Many modern industrial research and development problems involve a mixture of deterministic and stochastic dynamics where the principal challenge is the quantification and management of uncertainty at all levels of the product development cycle. Problems dealing with optimisation of stochastic processes, hierarchical modelling and coarse-graining, uncertainty quantification, model selection and risk assessment appear with increasing frequency at industry-academic meetings such as the regular Study Groups with Industry organised by the Smith Institute.

The classical framework of deterministic mathematical modelling in which a problem is reduced to an ordinary or partial differential equation to be solved by a mathematical scientist is inappropriate for such problems due to the high level of noise. Purely data-driven analyses based on the framework of classical statistics are equally unhelpful since they often under-emphasise the generative mechanisms underlying observed phenomena and lead to a proliferation of poorly understood "black boxes".

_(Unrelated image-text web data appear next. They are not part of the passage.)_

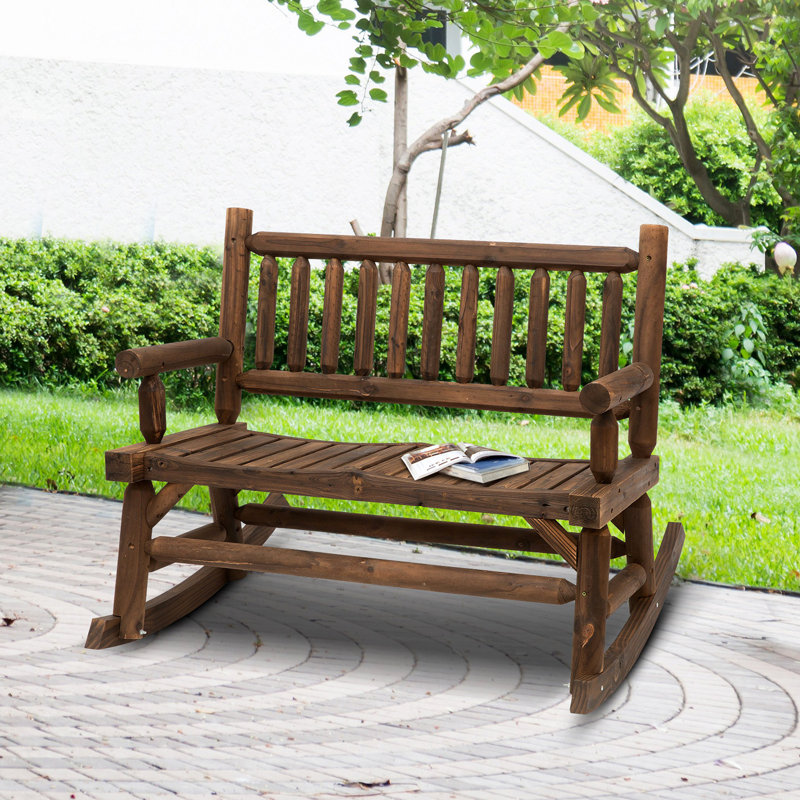 2-Person Wood Rocking Chair With Log Design, Heavy Duty Loveseat With Wide Curved Seats For Patio, Backyard, Garden, Brown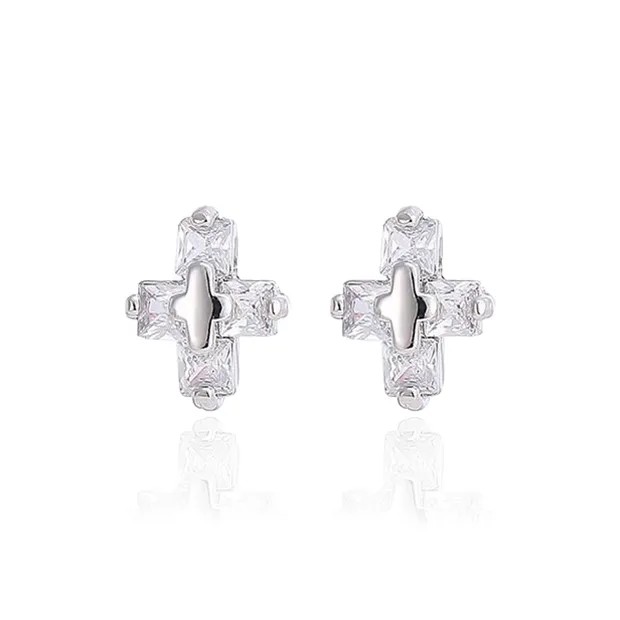 Jingleo S925 Silver Jade Stud Earrings Unisex Crystal-1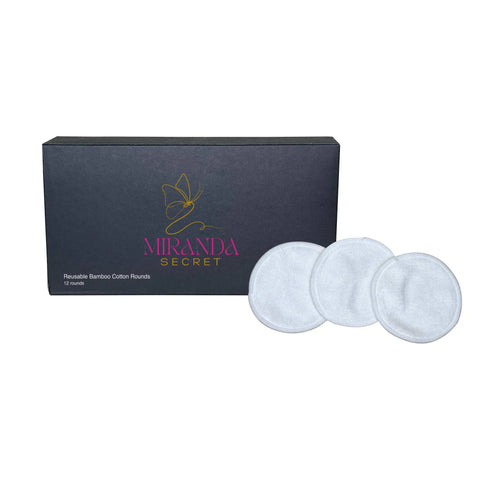 Miranda Secret reusable bamboo cotton rounds with packaging on a white background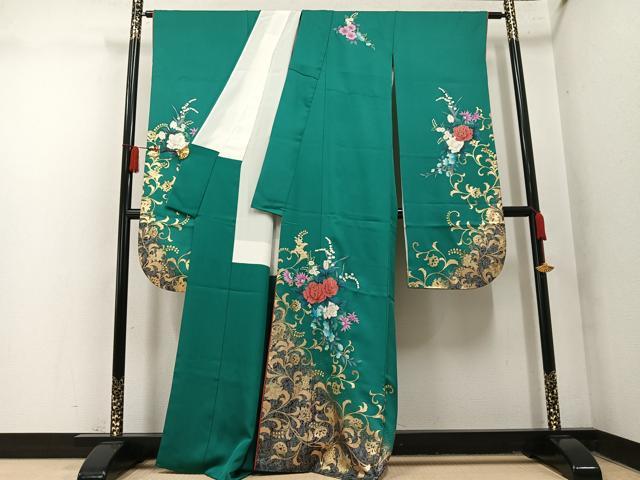 平和屋着物●豪華振袖 更紗花唐草文 金彩 正絹 逸品 AABN1606ph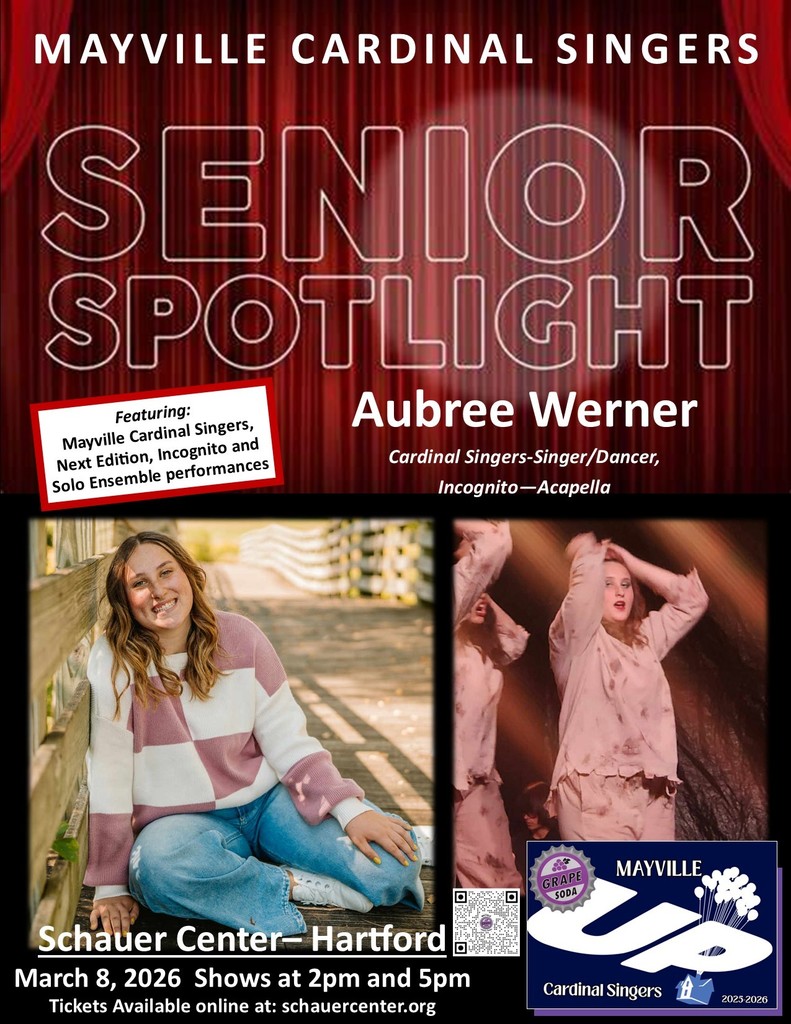 Time to celebrate our show choir and show choir band Class of 2026 Seniors! Meet Aubree! #mayvillecardinals #mayvilleschools #cardinalpride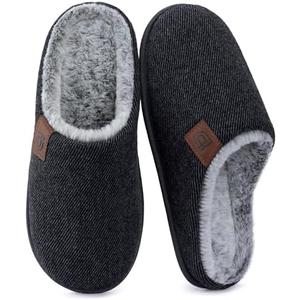 ULTRAIDEAS Men's Fuzzy Scuff Slippers Comfy Winter Warm Indoor House Shoes Fur Lined 9-10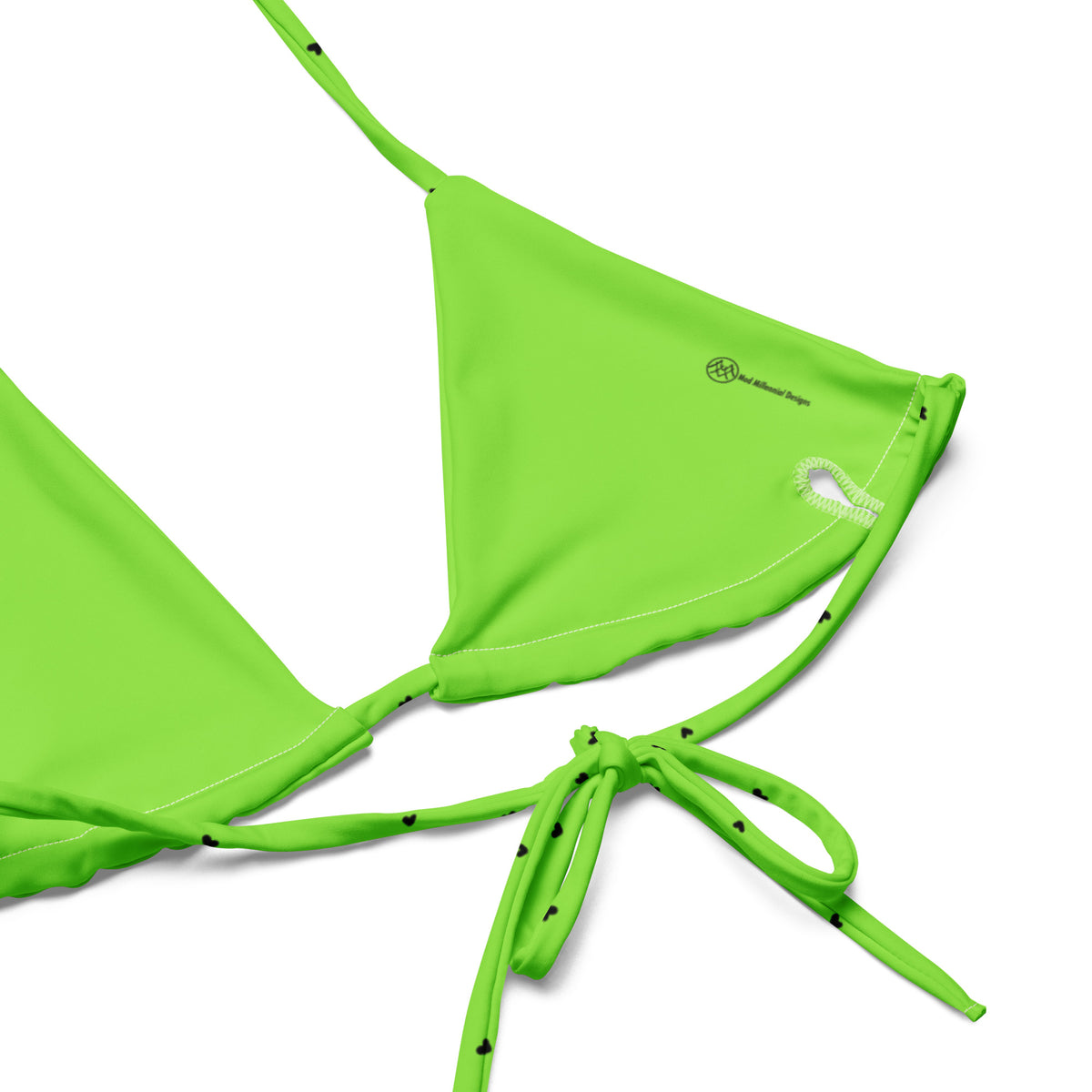 Yasmin neon lime green string bikini with tiny black heart print inner lining details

A mathematical modelling framework in which stochastic processes play a central role is essential to making progress in solving such problems. This requires the ability to combine the insight and understanding obtained from the mathematical analysis of deterministic mathematical models with the power of modern statistical inference to constrain the parameters and complexity of such models even in the presence of high levels of uncertainty or noise.

The academic expertise to frame such problems already exists within mathematics and statistics departments in the UK and at the University of Warwick in particular. A new generation of mathematical scientists are currently completing their PhDs in the likes of Warwick's Centre for Complexity Science and MASDOC Centre for Doctoral Training where mathematical modelling, analysis and statistical inference are taught side by side.

This one-day meeting at the Isaac Newton Institute brought together representatives from UK industry with early career researchers and PhD students to establish relationships which will facilitate the transfer of expertise in both directions across the academia-industry interface in the mathematical sciences.


Aims and Objectives

The aims of the meeting were:

  • To form new links, and to strengthen existing links, between industry and academia based around a common interest in stochastic and statistical modelling of industrial problems. This would assist mathematical sciences departments in the UK to demonstrate the impact of their research expertise outside of academia.
  • To expose PhD students to industrial problems which require mathematical expertise at an early stage of their careers with the ultimate objective of improving the pool of mathematical expertise available to the UK's industrial base.
  • To allow academics to advertise cutting-edge work in the mathematical sciences to UK industry and vice versa in an environment which provided space for meaningful discussions to take place.
  • To frame a set of suggestions/recommendations of how the flow of expertise between UK industry and academia in the mathematical sciences can be supported in the future.